WHAT IS REQUIRED —
Repeat the listing below exactly. Pictures do not belong in the copy.

DATASET CONTENT —
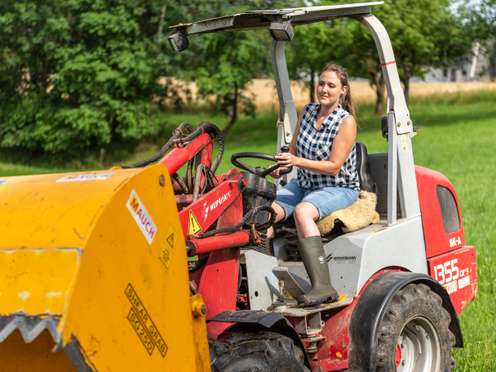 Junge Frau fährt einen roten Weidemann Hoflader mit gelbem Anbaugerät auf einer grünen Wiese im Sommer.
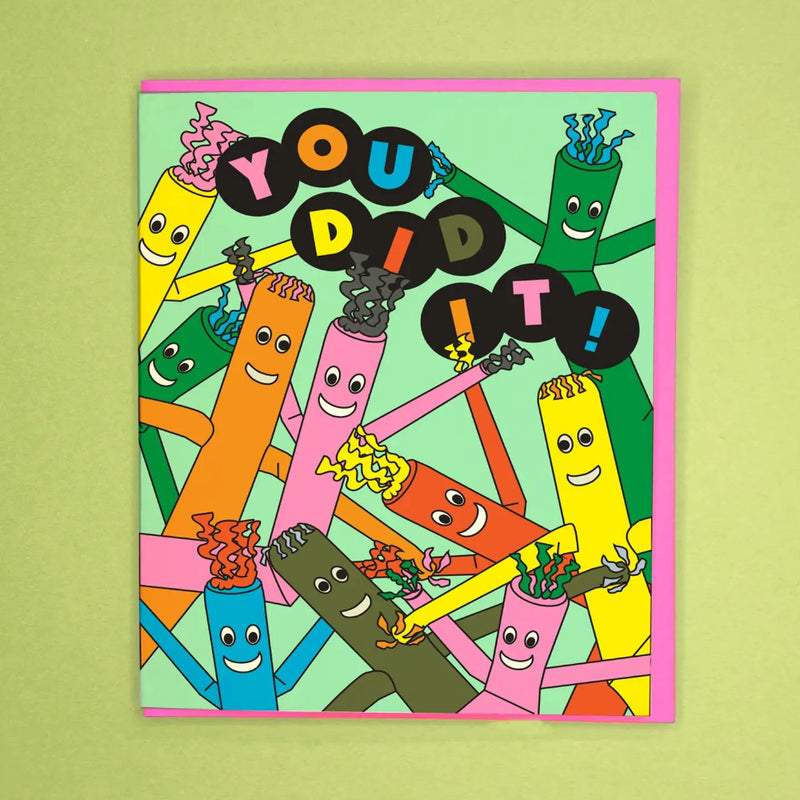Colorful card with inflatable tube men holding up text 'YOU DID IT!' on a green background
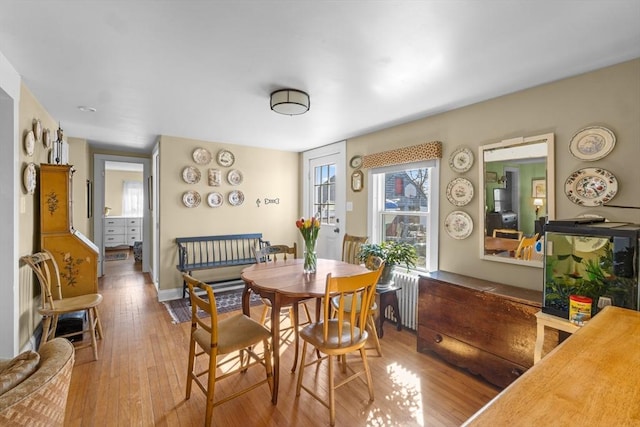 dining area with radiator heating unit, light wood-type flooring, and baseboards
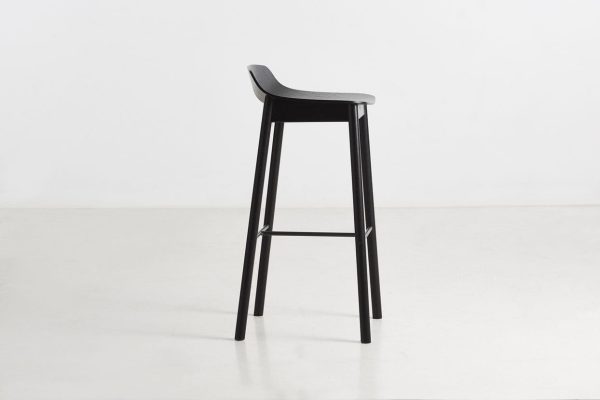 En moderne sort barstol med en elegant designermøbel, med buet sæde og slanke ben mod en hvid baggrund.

EXERCISE OUTPUT —
 Junge Frau fährt einen roten Weidemann Hoflader mit gelbem Anbaugerät auf einer grünen Wiese im Sommer.
Colorful card with inflatable tube men holding up text 'YOU DID IT!' on a green background
 dining area with radiator heating unit, light wood-type flooring, and baseboards
 En moderne sort barstol med en elegant designermøbel, med buet sæde og slanke ben mod en hvid baggrund.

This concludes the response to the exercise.